This piece was reprinted by OpEdNews with permission or license. It may not be reproduced in any form without permission or license from the source.
And on the subject of contracting, Congress' oversight role was, in a real sense, "contracted out" -- to eight invertebrate leaders from the House and Senate. Their see-no-evil acquiescence in whatever Bush and Cheney painted as a weapon in the so-called "war on terror" was driven solely by the lawmakers' felt need to appear tough on terrorism.

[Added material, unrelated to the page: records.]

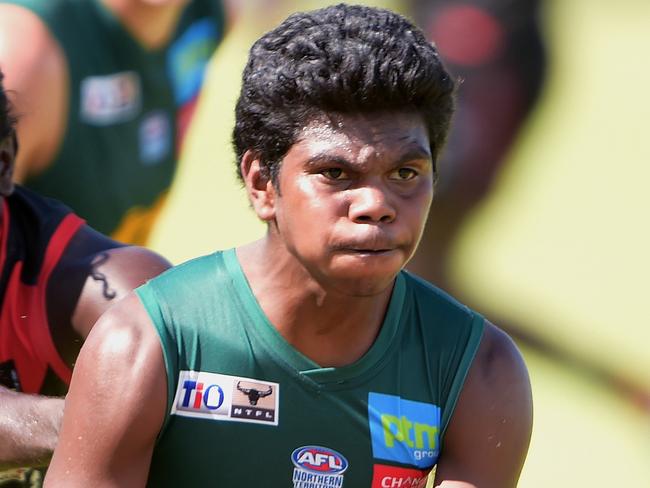 St Mary's v Tiwi Bombers Premier League action >>Saints' No.33 Maurice Rioli Jr in action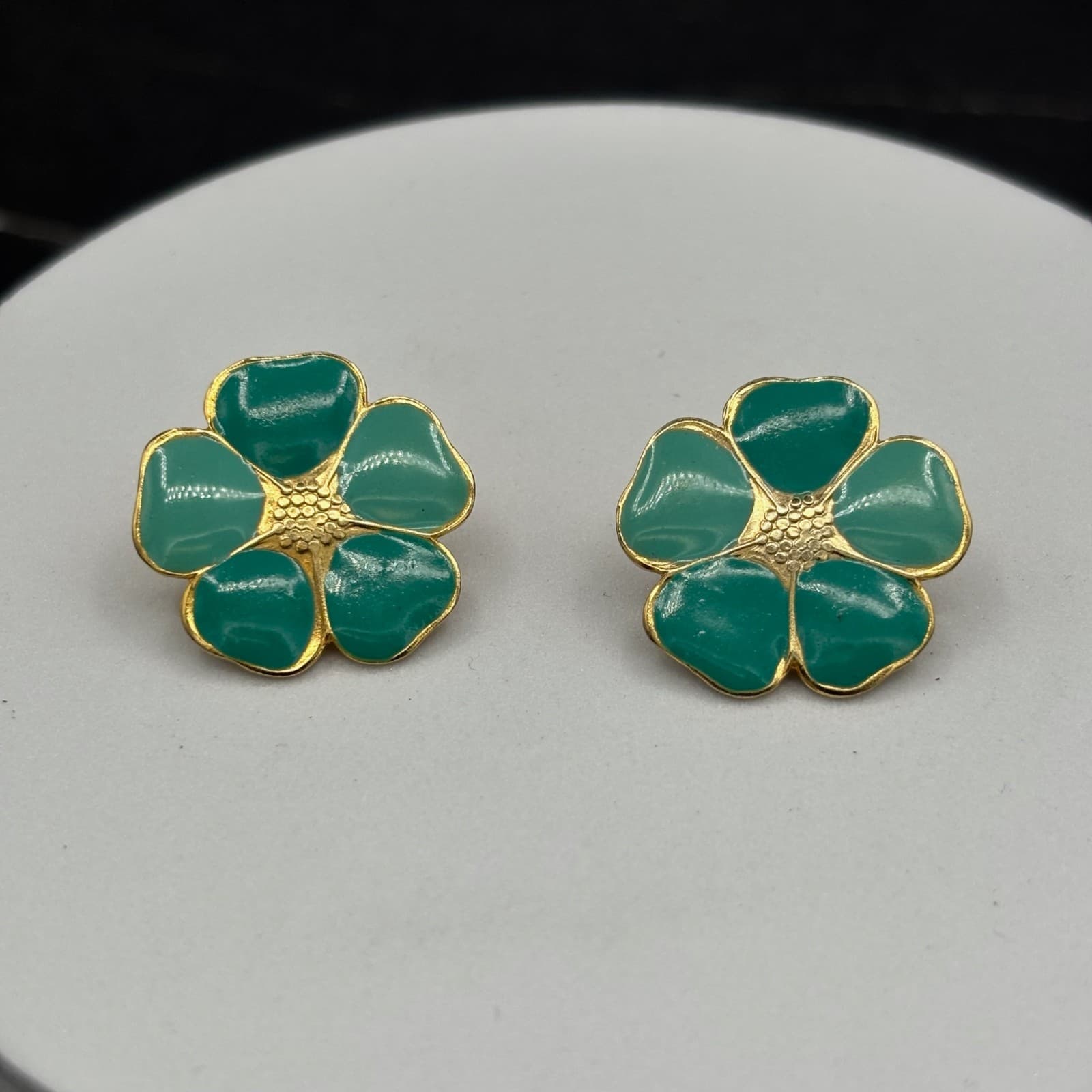 Gold-Tone Teal Enamel Flower Stud Earrings Retro Spring Chic - Image 1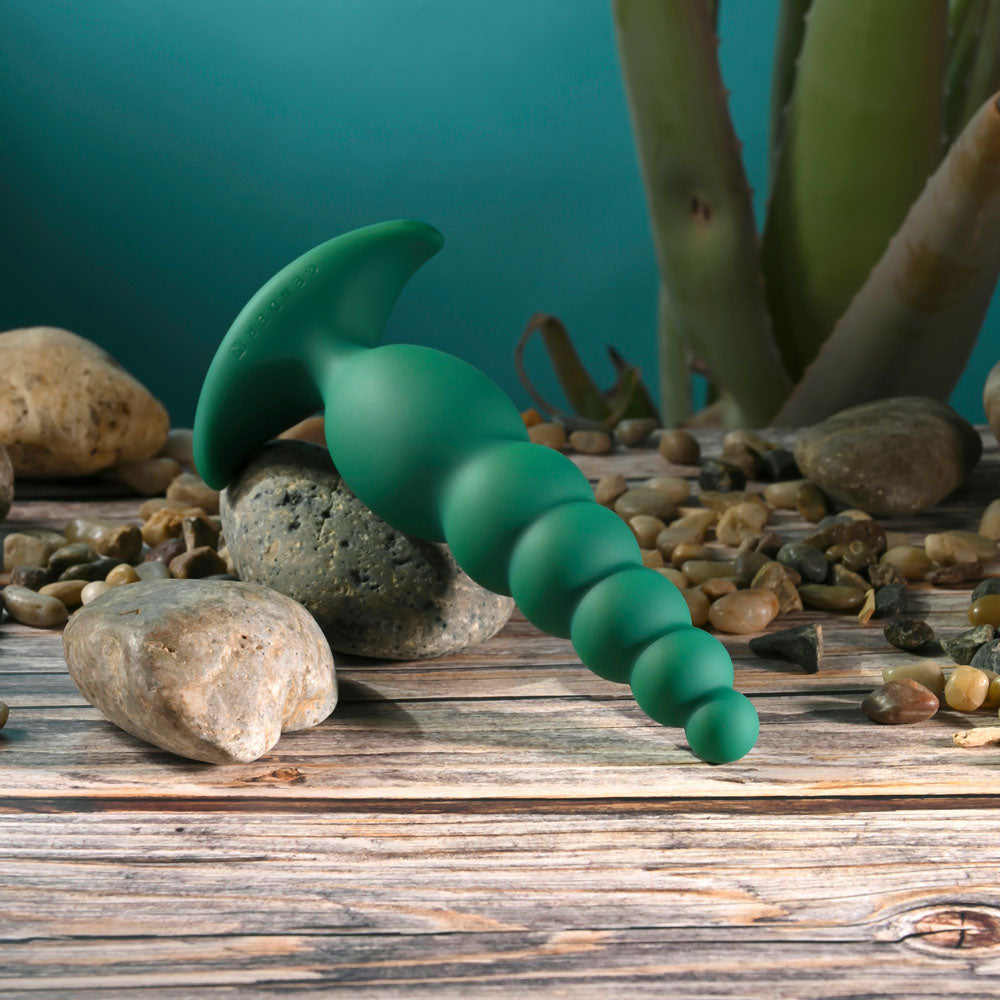 Gender X THE RATTLER - Green 17 cm USB Rechargeable Vibrating and Twirling Anal Plug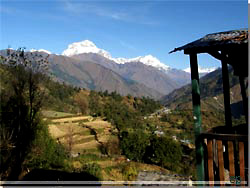 Nepal. Tilbageblik  over landskabet med Dhaulagiri baggrunden [Klik for et strre billede]
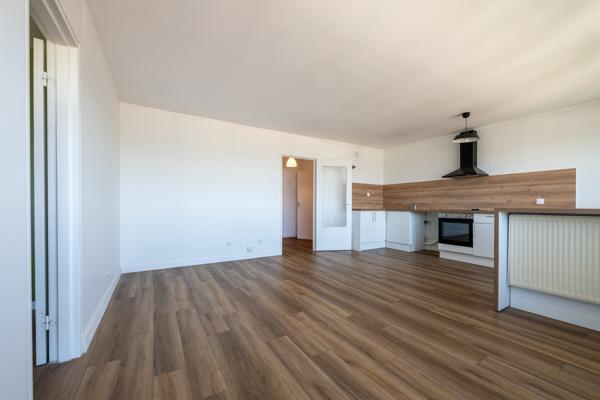 LONGJUMEAU CENTRE – Appartement 2 pièces – 50,75 m² – Grand balcon – 11ème étage – Vue dégagée – Entièrement r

"After 9/11 everything changed," is certainly an overused aphorism. But it does apply to what happened to the spirit and soul of our country after President Bush was given the pulpit at the National Cathedral. Vengeance is ours, said the President. And the vast majority of Christian leaders were cowed into razoring out of their Bibles "Blessed are the Peacemakers."
Clergy and Congress clapped, and so did the Fawning Corporate Media (FCM). Don't you remember?
The situation bears striking resemblance to that described by German writer Sebastian Haffner, who was in Berlin in 1933 after the Reichstag fire (Germany's 9/11):
"What was missing is what in animals is called 'breeding.' This is a solid inner kernel that cannot be shaken by external pressures, something noble and steely, a reserve of pride, principle, and dignity to be drawn on in the hour of trial. It is missing in Germans.
"As a nation they are without backbone. That was shown in March 1933. At the moment of truth, when other nations rise spontaneously to the occasion, the Germans collectively and limply collapsed, yielded to a nervous breakdown, and became a nightmare to the rest of the world." ("Defying Hitler," p. 135)
Congress' Stormy Applause"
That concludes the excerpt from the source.